START SOURCE DATA

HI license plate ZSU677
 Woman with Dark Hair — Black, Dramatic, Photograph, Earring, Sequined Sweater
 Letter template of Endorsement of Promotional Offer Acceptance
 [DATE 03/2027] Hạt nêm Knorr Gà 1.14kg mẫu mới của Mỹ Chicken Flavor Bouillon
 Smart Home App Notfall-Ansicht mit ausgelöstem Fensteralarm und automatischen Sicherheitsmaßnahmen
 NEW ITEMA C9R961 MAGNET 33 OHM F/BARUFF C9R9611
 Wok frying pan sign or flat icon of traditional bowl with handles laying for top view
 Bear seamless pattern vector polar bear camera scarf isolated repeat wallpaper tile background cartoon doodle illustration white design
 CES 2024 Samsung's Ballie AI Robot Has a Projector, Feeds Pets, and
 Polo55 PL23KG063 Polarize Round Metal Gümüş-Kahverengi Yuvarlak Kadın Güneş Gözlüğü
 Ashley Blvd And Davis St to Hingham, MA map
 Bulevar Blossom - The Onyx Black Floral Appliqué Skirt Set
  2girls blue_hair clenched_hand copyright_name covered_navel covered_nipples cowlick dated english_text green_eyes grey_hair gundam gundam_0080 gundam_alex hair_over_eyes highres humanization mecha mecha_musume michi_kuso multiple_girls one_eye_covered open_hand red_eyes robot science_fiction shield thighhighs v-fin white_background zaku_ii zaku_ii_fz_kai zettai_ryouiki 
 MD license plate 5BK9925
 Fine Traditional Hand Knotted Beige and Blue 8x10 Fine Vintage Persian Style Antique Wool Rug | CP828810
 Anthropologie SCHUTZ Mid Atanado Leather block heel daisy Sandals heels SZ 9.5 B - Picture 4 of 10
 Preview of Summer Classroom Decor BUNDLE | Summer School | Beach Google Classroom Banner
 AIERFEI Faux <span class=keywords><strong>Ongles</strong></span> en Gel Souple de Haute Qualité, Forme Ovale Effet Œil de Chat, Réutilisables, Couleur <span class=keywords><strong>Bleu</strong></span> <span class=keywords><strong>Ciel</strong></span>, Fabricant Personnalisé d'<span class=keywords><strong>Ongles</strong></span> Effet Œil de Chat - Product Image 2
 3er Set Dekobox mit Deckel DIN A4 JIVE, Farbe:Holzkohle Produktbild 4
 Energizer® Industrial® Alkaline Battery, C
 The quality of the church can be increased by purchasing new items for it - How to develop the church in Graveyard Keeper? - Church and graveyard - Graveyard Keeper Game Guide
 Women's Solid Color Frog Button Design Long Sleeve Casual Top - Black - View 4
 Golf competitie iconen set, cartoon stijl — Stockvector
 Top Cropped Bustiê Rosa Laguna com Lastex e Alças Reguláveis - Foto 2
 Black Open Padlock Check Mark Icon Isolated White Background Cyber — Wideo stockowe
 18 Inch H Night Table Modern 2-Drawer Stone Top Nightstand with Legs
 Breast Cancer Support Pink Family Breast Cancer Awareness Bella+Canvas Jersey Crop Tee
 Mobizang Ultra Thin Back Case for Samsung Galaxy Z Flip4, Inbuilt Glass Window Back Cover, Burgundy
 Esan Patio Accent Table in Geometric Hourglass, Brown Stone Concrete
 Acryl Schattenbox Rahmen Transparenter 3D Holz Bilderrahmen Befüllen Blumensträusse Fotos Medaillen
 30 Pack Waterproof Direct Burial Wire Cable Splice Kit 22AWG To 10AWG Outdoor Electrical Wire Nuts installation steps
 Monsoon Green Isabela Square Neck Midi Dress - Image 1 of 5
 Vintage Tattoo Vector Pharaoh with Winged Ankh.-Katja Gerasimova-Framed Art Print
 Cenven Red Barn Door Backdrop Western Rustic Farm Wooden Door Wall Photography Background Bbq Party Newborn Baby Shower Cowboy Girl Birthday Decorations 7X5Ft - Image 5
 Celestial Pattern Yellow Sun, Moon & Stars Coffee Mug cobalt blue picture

END SOURCE DATA

§ **EXERCISE**
Scan the records above for the word "license" and return every line where it occurs.

§ **RESPONSE AREA**
HI license plate ZSU677
 MD license plate 5BK9925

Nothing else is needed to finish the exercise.